QUARTARARO E RINS FUORI DAL Q2 A MOTEGI
Le caratteristiche del tracciato nipponico mal si sposano con le prerogative della 4 cilindri di Iwata, come in tante altre occasioni messa in crisi da un’aderenza di asfalto precaria. Siamo solo al venerdì, ma il GP più importante
“dell’onore e dell’orgoglio” rischia di diventare un vero incubo per Yamaha. Se il 20° posto di Alex Rins ad 1”514
dalla rivelazione di giornata Brad Binder non desta troppo clamore, il 14° posto di Fabio Quartararo
(nella foto d’apertura) al termine del turno di Practice certifica tutte le difficoltà del momento. “La moto non mota” verrebbe da dire usando un eufemismo. E persino
“El Diablo”, reduce da 5 piazzamenti in top-10 nelle ultime 6 gare disputate (sia lunghe che sprint) ottenendo inoltre l’acceso diretto al decisivo Q2 delle qualifiche ufficiali per 3 volte consecutive, non riesce a cavare un ragno dal buco.
PROBLEMI DI ADERENZA RALLENTANO LA YAMAHA
“Abbiamo faticato, sembra che la pista influisca sulle prestazioni della nostro moto accentuandone i limiti”, ha rimarcato senza troppi giri di parole il Campione del Mondo 2021, il quale domani sarà costretto a transitare dalla tagliola del Q1 insieme al compagno di squadra Alex Rins.

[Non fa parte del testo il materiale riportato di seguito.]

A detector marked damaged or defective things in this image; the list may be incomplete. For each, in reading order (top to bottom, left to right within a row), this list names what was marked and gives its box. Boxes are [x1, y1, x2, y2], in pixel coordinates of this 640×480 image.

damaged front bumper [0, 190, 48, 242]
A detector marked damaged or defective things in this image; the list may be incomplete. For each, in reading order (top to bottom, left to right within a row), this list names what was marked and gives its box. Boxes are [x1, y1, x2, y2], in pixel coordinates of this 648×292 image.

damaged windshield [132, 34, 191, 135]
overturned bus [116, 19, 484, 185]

“Quando il livello di aderenza è buono non siamo messi male, ma appena cala siamo lontani dalle posizioni che contano. Ci manca il grip al posteriore e ciò ci rende le cose difficili”. In tutto questo, il maltempo atteso nel sabato di
Motegi non gioverebbe affatto alla causa Yamaha...

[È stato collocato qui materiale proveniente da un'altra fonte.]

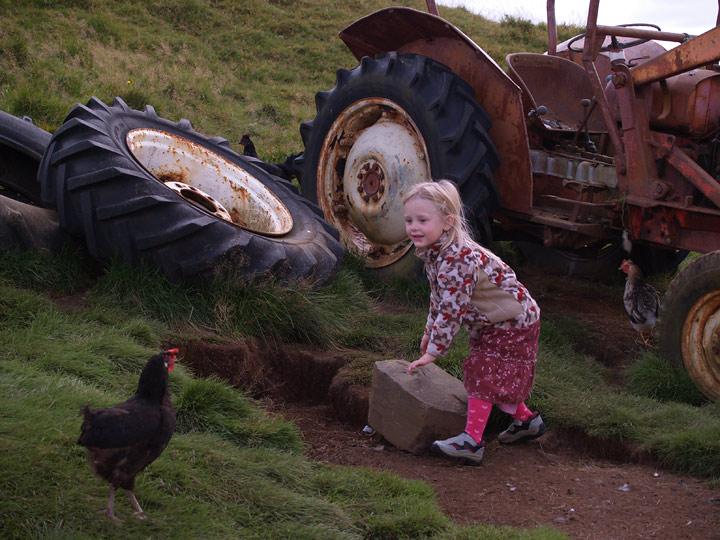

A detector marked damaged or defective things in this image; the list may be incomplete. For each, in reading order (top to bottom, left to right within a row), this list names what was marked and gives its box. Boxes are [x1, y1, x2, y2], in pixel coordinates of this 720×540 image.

DAY 1 AL DI SOTTO DELLE ASPETTATIVE
Versione dei fatti confermata anche da Maio Meregalli: “Motegi è una pista particolare che non gioca a nostro favore”, ha ammesso il team director Monster Energy Yamaha. “La mancanza di aderenza influisce sulla frenata, sull’inserimento in curva e sull’angolo di piega, impedendo a Quartararo e Rins di spingere al massimo. È un risultato deludente dopo quanto di buono mostrato a Misano e Mandalika. Anche se, conoscendo le caratteristiche di questo circuito, ci aspettavamo che sarebbe stato un GP complicato. Analizzeremo attentamente i dati per trovare una soluzione da provare domani”.